Mrs. Robinson by Simon & Garfunkel

“Mrs. Robinson” isn’t really about Mrs. Robinson.

The Graduate is one of the greatest films of all time. This film about a recent college graduate’s struggle to figure out his life reflects a shared experience and feeling that twenty-something's across generations experience.

Then of course there is Mrs. Robinson who seduces, the recent college graduate, Benjamin while he is going out with her daughter. The whole cross-generational affair is enough to cause controversy and interest in viewers, but it’s really not the point of the film. The point is . . . well. . . it’s complex and multilayered and you’re just going to have to watch it to figure it out for yourself.

Mike Nichols’ the director of The Graduate became obsessed with Simon & Garfunkel, and asked for three songs to be written for this film. Paul Simon came up with the shell of one about Mrs. Roosevelt, Joe DiMaggio and times past. After some lyric changes, a stripped down version without verse appeared in the film.

Later Simon & Garfunkel completed this song and released it on their 1968 album, Bookends. Along with “Bridge Over Troubled Waters” (which I discussed in this earlier post), “Mrs. Robinson” became one of Simon & Garfunkel’s signature songs and one of the most popular songs of the decade.

Now when I said that this song isn’t about Mrs.
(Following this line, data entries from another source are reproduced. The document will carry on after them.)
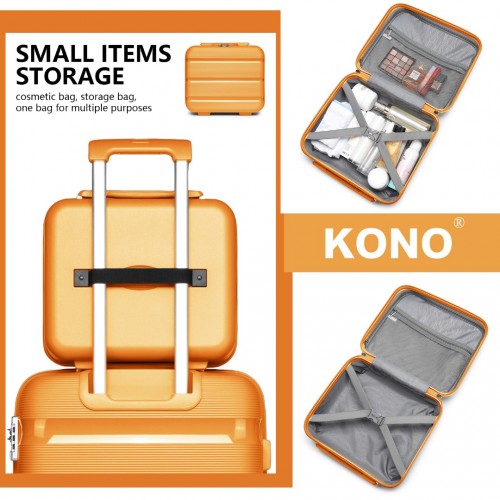 Kono Bright Hard Shell PP Suitcase With TSA Lock And Vanity Case 4 Pieces Set - Classic Collection - Orange
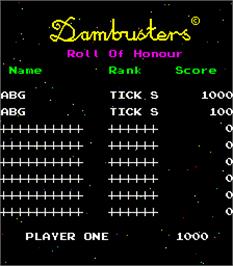 High Score Screen for Dambusters.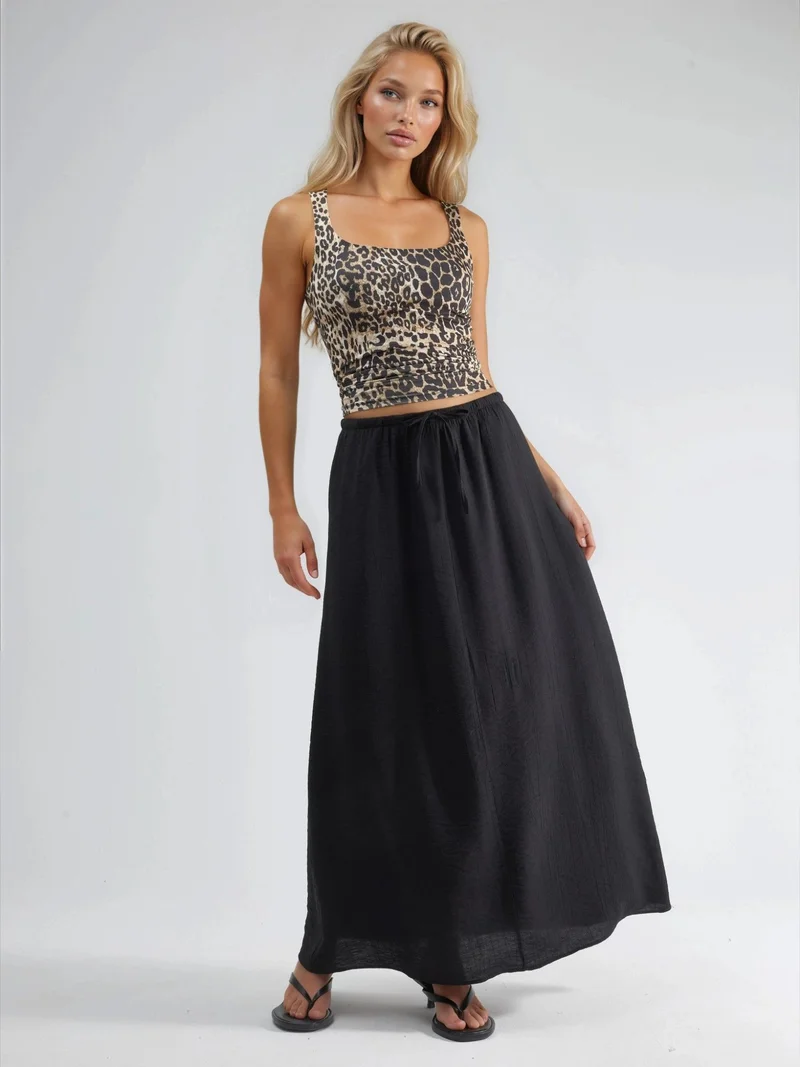 Busem Black BUSEM High Waist A-Line Maxi Skirt for Women | Best Price UAE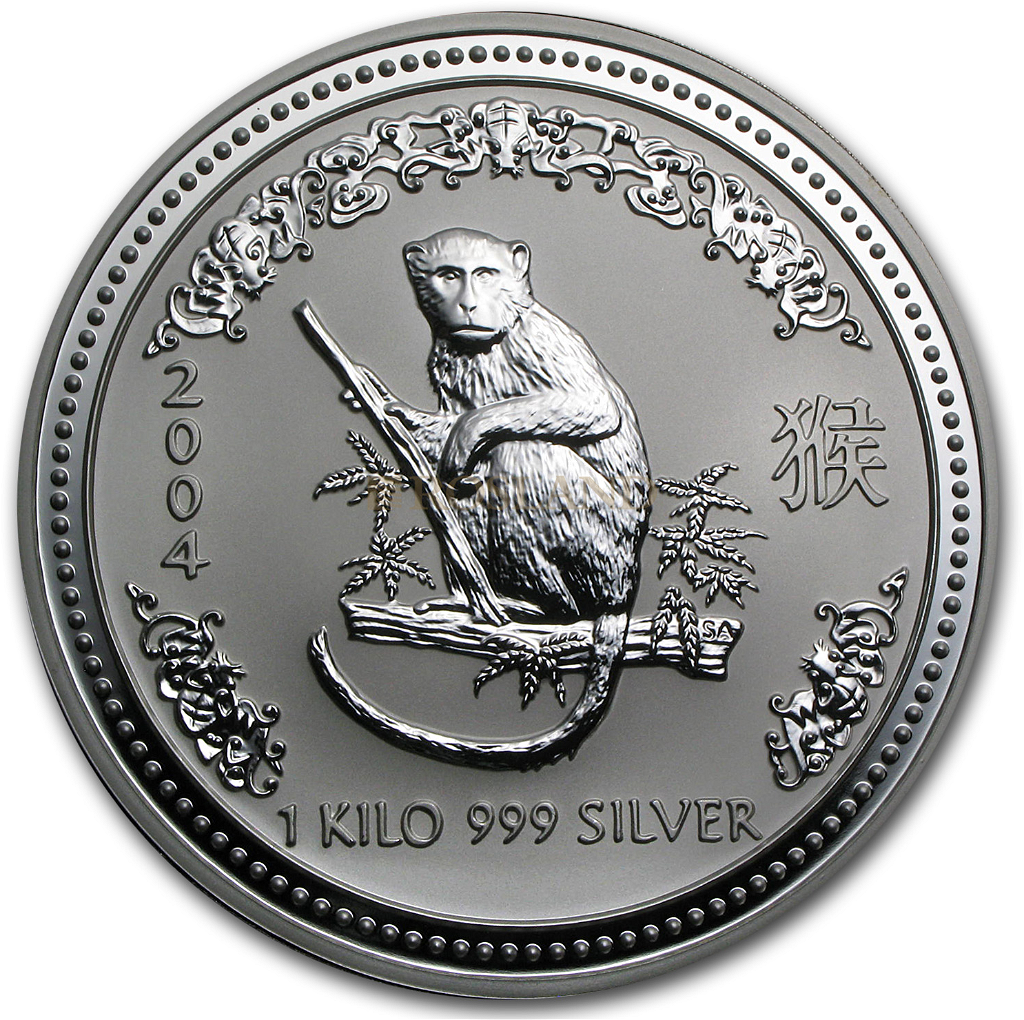1 Kilogramm Silbermünze Lunar 1 Affe 2004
Robinson, it’s because, she’s really not a respected or heroic figure in the film. The lyrics of this song really don’t hold the depth that later Paul Simon songs do. He admitted that the Joe DiMaggio reference had more to do with syllables then meaning and also there’s the fact that it was originally Mrs. Roosevelt that he was singing about.

What we are left is really about gratitude, trying to convince someone how important and meaningful they are to the people around them. It’s a beautiful sentiment and every time the chorus rises, you feel a sense of warmth and love.

If you take this song as being separate from the film, it takes on a whole other level of meaning. It’s not about the loss and confusion of The Graduate, rather it’s a reassuring anthem to a person who doesn’t realize how special she is to the people in her life.

Watch The Graduate and sing along with “Mrs. Robinson.” Try not to get them mixed up with each other. Sometimes we find meaning when we put things together but other times we find even more meaning when we look at things separately.